Dibidang keilmuan sudah mulai menterjemahkan buku-buku keilmuan romawi kedalam
bahasa Persia, dari segi sastra telah muncul seni-seni ukir dan lukis,
perekonomianpun sudah tertata dengan baik selaras dengan berjalannya biro-biro
pemerintahan seperti lembaga peradilan dan yang lainnya.
Padamulanya
Imam Syafi’i hanya mengarang kitab usul fiqh yang diberi nama Ar-Risalah
yang dikarang oleh beliau di iraq, kitab ini ditulis atas permintaan
Abdurrahman bin Al-Mahdi di makkah yang meminta penjelasan kepada imam Syafi’i
tentang suatu kitab yang mencakup keilmuan Al-Quran, Hadist, Ijma’ dan Qiyas.
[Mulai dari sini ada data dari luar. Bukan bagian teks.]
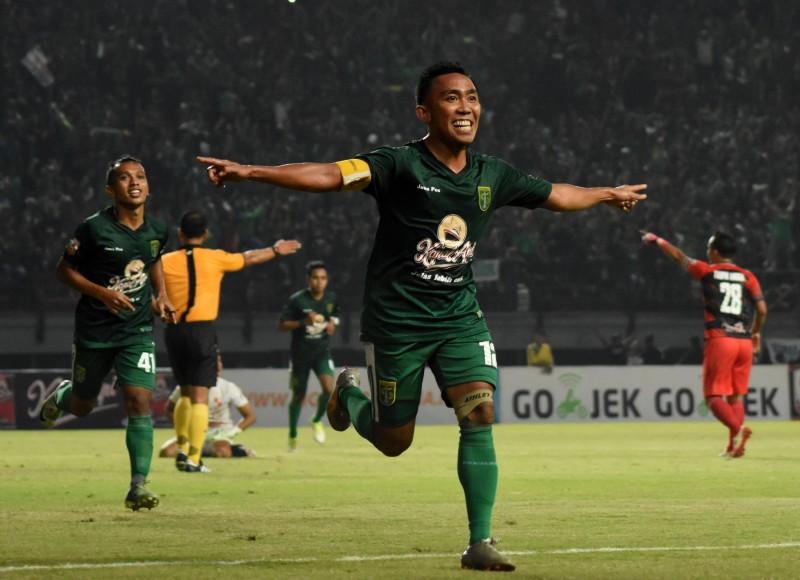 Gelandang Persebaya, Rendi Irawan. Copyright: Ngopibarengid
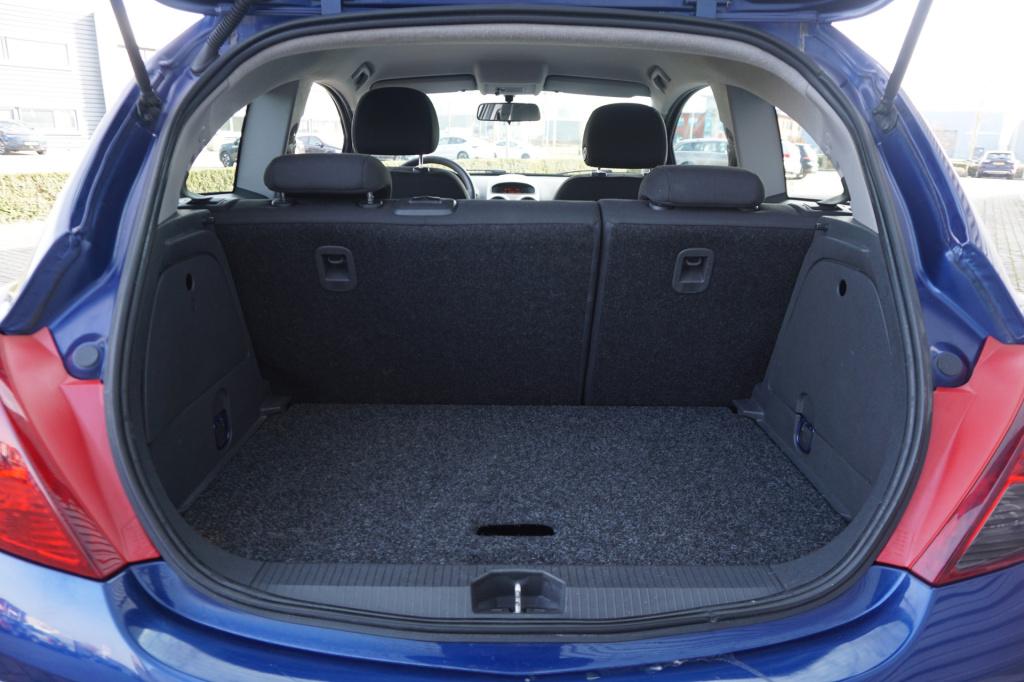 Opel Corsa 1.4-16v cosmo airco / elektr. ramen / lm velgen / nap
Setelah ditulis oleh Imam Syafi’i yang di Bantu oleh murid-muridnya lalu
dikirim ke Abdurrahan bin Al-Mahdi di Makkah, di kerenakan kitab tersebut
dikirim ke makkah maka kitab yang dikarang olek Syafi’i diberi nama Ar-Risalah
qadimah (Qaul Qadim[17]).
Sebagai
bapak ilmu usul fiqh, Imam Safi’i sangat berjasa dalam penerapan hukum islam terkait
dengan keilmuan dan keluasan berpikir, ketertarikan konsep yang ditawarkan oleh
imam Syafi’i memicu daya tarik dari kalangan imam-imam yang ada di Iraq, Mesir,
Yaman dan Makkah. sehingga proses penyebaran Mazhab Syafi’i sangat pesat.
Setelah
Syafi’i berada di Iraq beliau pindah ke mesir, di mesir Syafi’i juga menulis
sebuah kitab fiqh yang dikenal dengan Qaul Jadid[18]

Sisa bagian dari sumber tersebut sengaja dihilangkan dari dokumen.